29. If no steps were taken, the death of the survivor would give rise to a prospective inheritance tax liability of some £600,000. IG wanted to cover this liability through an insurance policy. Accordingly on 12 December 1995 he executed a declaration of trust in respect of an Allied Dunbar insurance policy which he took out for this purpose.

30. The husband had a 20% interest in that policy, each of his 2 brothers 5%, the husband's 2 children 25% and 30%, with the other 2 grandchildren then living receiving 7 ½% each. A week later he and BG each made wills. They each divided their estate in the same proportions as the policy. In addition IG gave his shares in Vanbar Securities Ltd and Barivan Ltd to the husband. The only difference in their wills is that BG did not make this bequest in respect of her shares, quite possibly as a result of an error in the drafting.

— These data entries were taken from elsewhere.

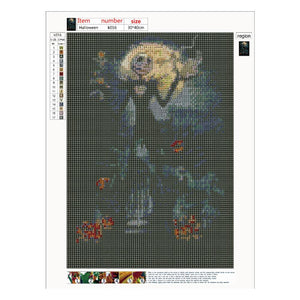 Squelette d’Halloween - diamant rond complet - 30x40cm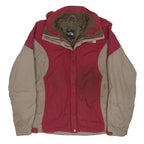 THE NORTH FACE Womens Red & Beige Outdoor Jacket L Polyester Blend Zip Hooded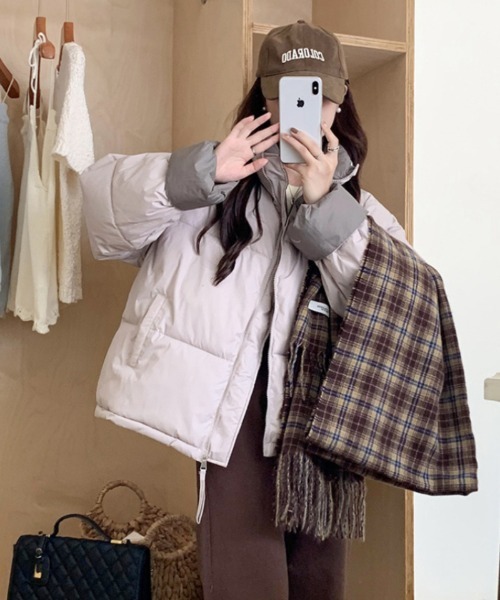 ダウンコート ダウンジャケット オーバーサイズ 配色切り替え
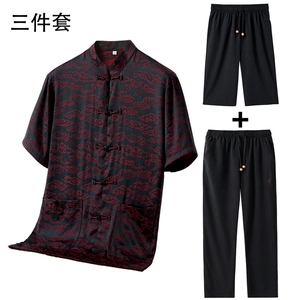 大货新款男士夏仿香云纱唐装中老年短袖衬衫套装风新中式T恤图片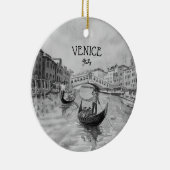 Italië Reizen - Ventilator zwart-wit souvenir Keramisch Ornament (Rechts)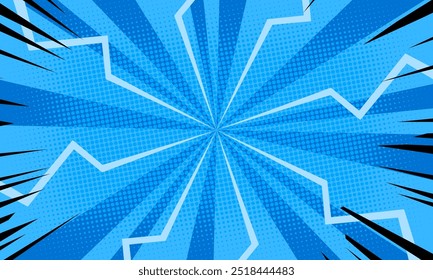 abstract blue comic background with rays and lightning 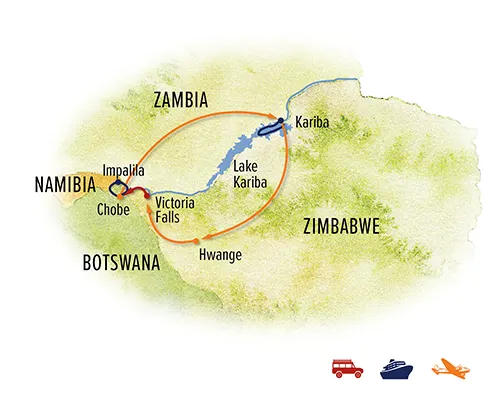 Trip map for Southern Africa Odyssey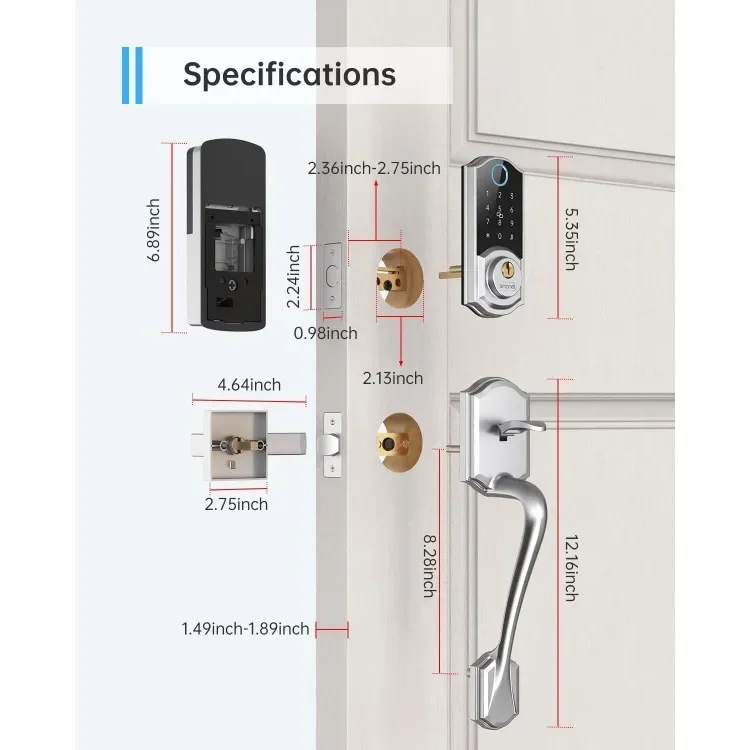 Smart Front Door Lock Set: Keyless Entry Door Lock with Handle, Smart Front Door Handle Set, Fingerprint Smart Deadbolt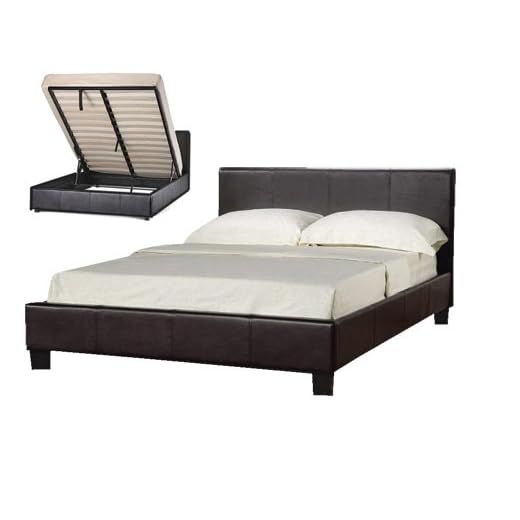 Comfy Living Storage Bed Faux Leather Double 4ft6in Ottoman Prado Black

31. In late 1998 IG suffered 2 strokes. In January and August 1999 he and BG appointed the husband as their attorney for the purposes of the Enduring Powers of Attorney Act 1985. The deeds gave the husband "general authority to act on my behalf in relation to all my property and affairs. I intend that this power shall continue even if I become mentally incapable".

32. In May 1999 IG further considered his financial affairs. On this occasion he took out 2 bonds with Axa Sun Life after discussions with financial advisors. They wrote a contemporaneous note.

"Discussed gifting and effective will planning, customers however wish to continue to rely on existing provisions made with whole of life policy. Customer's son, PG was present at all interviews and has been party to all decisions made by customers".

33. His parents wished to maintain their standard of living in the event of death or serious illness. "With current provision there would be a major shortfall in both areas if they did not wish to use the existing savings". They had decided not to proceed with further pension arrangements over and above their current pension fund - "they feel they would rather retain access to their capital in case the need came to draw a large sum in an emergency, therefore advice rejected". In the event they took out the 2 bonds, one for £300,000 and the second for £200,000. Both bonds were subsequently realised in January and June 2003 showing small losses.

34. IG wished to buy a bigger property than the bungalow where they were then living. As a result they built their own home in Stanmore. Following the death of his wife, IG sold his Stanmore property for £1.5m buying his present home in Chorley Wood for £1.4m. Both these latter 2 homes enabled him (and earlier his wife) to have living-in help. The cost of this is approaching £50,000 a year.

The history of the property purchases and sales

35. I turn now to the details of the transactions in chronological order. All the properties save the last were purchased in the name of the husband. The first property in Stepney was purchased in November 1999 for £230,000. It comprised a commercial unit with a 2 bedroomed flat above. The husband used the commercial part for his business. The flat upstairs was used occasionally by him and the wife.

36. The Stepney area proved unpopular with the husband's employees. In October 2000 a second property was purchased in Spitalfields for £275,000. In September 2001 a third property at Spitalfields was purchased for £210,000 with a mortgage of some £178,000. It has not been sold. It was valued in March 2005 at £250,000 and is probably worth more now.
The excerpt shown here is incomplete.